* Description of the task *
Could you copy out all of the entries exactly?

Start of Supplied material

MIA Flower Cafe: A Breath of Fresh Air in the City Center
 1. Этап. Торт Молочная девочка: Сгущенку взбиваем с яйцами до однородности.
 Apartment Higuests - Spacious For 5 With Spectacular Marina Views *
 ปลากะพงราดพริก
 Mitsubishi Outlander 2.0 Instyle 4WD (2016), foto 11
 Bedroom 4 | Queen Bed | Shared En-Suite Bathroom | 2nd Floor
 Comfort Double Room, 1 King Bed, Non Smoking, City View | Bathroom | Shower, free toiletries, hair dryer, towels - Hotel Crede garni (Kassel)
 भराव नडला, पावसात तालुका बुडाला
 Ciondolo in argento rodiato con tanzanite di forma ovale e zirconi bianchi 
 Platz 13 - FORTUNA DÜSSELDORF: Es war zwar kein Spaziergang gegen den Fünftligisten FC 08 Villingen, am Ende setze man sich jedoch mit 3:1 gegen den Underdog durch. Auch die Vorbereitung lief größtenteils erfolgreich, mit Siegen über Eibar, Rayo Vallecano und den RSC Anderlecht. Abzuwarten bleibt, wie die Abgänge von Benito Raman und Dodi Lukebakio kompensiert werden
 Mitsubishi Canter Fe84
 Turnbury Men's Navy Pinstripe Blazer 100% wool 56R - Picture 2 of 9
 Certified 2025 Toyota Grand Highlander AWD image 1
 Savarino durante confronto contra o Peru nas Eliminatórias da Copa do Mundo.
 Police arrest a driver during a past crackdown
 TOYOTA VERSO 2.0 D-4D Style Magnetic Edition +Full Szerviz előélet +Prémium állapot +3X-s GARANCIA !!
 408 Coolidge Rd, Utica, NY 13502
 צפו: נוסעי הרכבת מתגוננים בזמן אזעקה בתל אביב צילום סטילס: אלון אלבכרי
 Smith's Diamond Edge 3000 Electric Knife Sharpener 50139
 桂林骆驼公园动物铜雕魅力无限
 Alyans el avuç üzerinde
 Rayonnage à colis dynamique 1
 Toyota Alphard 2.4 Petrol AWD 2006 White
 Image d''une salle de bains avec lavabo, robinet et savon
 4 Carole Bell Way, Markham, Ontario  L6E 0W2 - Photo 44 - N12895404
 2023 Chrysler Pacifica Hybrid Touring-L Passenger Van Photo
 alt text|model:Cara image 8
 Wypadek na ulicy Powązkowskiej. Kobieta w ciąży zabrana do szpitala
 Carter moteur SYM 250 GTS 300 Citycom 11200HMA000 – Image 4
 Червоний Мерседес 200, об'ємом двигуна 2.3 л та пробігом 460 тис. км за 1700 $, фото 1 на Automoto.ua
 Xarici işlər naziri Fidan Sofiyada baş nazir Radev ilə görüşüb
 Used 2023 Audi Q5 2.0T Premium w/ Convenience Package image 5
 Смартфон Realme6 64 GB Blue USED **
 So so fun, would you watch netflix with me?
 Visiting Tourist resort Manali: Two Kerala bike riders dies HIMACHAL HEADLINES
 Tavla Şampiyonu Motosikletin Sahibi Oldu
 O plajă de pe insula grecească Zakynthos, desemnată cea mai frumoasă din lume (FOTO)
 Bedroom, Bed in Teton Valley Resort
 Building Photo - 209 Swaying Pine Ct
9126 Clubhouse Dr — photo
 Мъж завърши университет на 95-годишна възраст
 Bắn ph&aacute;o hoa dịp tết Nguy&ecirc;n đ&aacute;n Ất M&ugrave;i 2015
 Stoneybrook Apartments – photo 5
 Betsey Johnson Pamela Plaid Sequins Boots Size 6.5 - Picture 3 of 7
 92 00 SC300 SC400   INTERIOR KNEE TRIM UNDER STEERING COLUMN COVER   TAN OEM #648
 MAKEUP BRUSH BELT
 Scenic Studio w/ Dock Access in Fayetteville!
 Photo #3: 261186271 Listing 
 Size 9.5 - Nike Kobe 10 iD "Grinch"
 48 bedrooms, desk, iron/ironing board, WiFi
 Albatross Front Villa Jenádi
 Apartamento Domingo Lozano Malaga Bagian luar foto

End of Supplied material

* Your solution *
MIA Flower Cafe: A Breath of Fresh Air in the City Center
 1. Этап. Торт Молочная девочка: Сгущенку взбиваем с яйцами до однородности.
 Apartment Higuests - Spacious For 5 With Spectacular Marina Views *
 ปลากะพงราดพริก
 Mitsubishi Outlander 2.0 Instyle 4WD (2016), foto 11
 Bedroom 4 | Queen Bed | Shared En-Suite Bathroom | 2nd Floor
 Comfort Double Room, 1 King Bed, Non Smoking, City View | Bathroom | Shower, free toiletries, hair dryer, towels - Hotel Crede garni (Kassel)
 भराव नडला, पावसात तालुका बुडाला
 Ciondolo in argento rodiato con tanzanite di forma ovale e zirconi bianchi 
 Platz 13 - FORTUNA DÜSSELDORF: Es war zwar kein Spaziergang gegen den Fünftligisten FC 08 Villingen, am Ende setze man sich jedoch mit 3:1 gegen den Underdog durch. Auch die Vorbereitung lief größtenteils erfolgreich, mit Siegen über Eibar, Rayo Vallecano und den RSC Anderlecht. Abzuwarten bleibt, wie die Abgänge von Benito Raman und Dodi Lukebakio kompensiert werden
 Mitsubishi Canter Fe84
 Turnbury Men's Navy Pinstripe Blazer 100% wool 56R - Picture 2 of 9
 Certified 2025 Toyota Grand Highlander AWD image 1
 Savarino durante confronto contra o Peru nas Eliminatórias da Copa do Mundo.
 Police arrest a driver during a past crackdown
 TOYOTA VERSO 2.0 D-4D Style Magnetic Edition +Full Szerviz előélet +Prémium állapot +3X-s GARANCIA !!
 408 Coolidge Rd, Utica, NY 13502
 צפו: נוסעי הרכבת מתגוננים בזמן אזעקה בתל אביב צילום סטילס: אלון אלבכרי
 Smith's Diamond Edge 3000 Electric Knife Sharpener 50139
 桂林骆驼公园动物铜雕魅力无限
 Alyans el avuç üzerinde
 Rayonnage à colis dynamique 1
 Toyota Alphard 2.4 Petrol AWD 2006 White
 Image d''une salle de bains avec lavabo, robinet et savon
 4 Carole Bell Way, Markham, Ontario  L6E 0W2 - Photo 44 - N12895404
 2023 Chrysler Pacifica Hybrid Touring-L Passenger Van Photo
 alt text|model:Cara image 8
 Wypadek na ulicy Powązkowskiej. Kobieta w ciąży zabrana do szpitala
 Carter moteur SYM 250 GTS 300 Citycom 11200HMA000 – Image 4
 Червоний Мерседес 200, об'ємом двигуна 2.3 л та пробігом 460 тис. км за 1700 $, фото 1 на Automoto.ua
 Xarici işlər naziri Fidan Sofiyada baş nazir Radev ilə görüşüb
 Used 2023 Audi Q5 2.0T Premium w/ Convenience Package image 5
 Смартфон Realme6 64 GB Blue USED **
 So so fun, would you watch netflix with me?
 Visiting Tourist resort Manali: Two Kerala bike riders dies HIMACHAL HEADLINES
 Tavla Şampiyonu Motosikletin Sahibi Oldu
 O plajă de pe insula grecească Zakynthos, desemnată cea mai frumoasă din lume (FOTO)
 Bedroom, Bed in Teton Valley Resort
 Building Photo - 209 Swaying Pine Ct
9126 Clubhouse Dr — photo
 Мъж завърши университет на 95-годишна възраст
 Bắn ph&aacute;o hoa dịp tết Nguy&ecirc;n đ&aacute;n Ất M&ugrave;i 2015
 Stoneybrook Apartments – photo 5
 Betsey Johnson Pamela Plaid Sequins Boots Size 6.5 - Picture 3 of 7
 92 00 SC300 SC400   INTERIOR KNEE TRIM UNDER STEERING COLUMN COVER   TAN OEM #648
 MAKEUP BRUSH BELT
 Scenic Studio w/ Dock Access in Fayetteville!
 Photo #3: 261186271 Listing 
 Size 9.5 - Nike Kobe 10 iD "Grinch"
 48 bedrooms, desk, iron/ironing board, WiFi
 Albatross Front Villa Jenádi
 Apartamento Domingo Lozano Malaga Bagian luar foto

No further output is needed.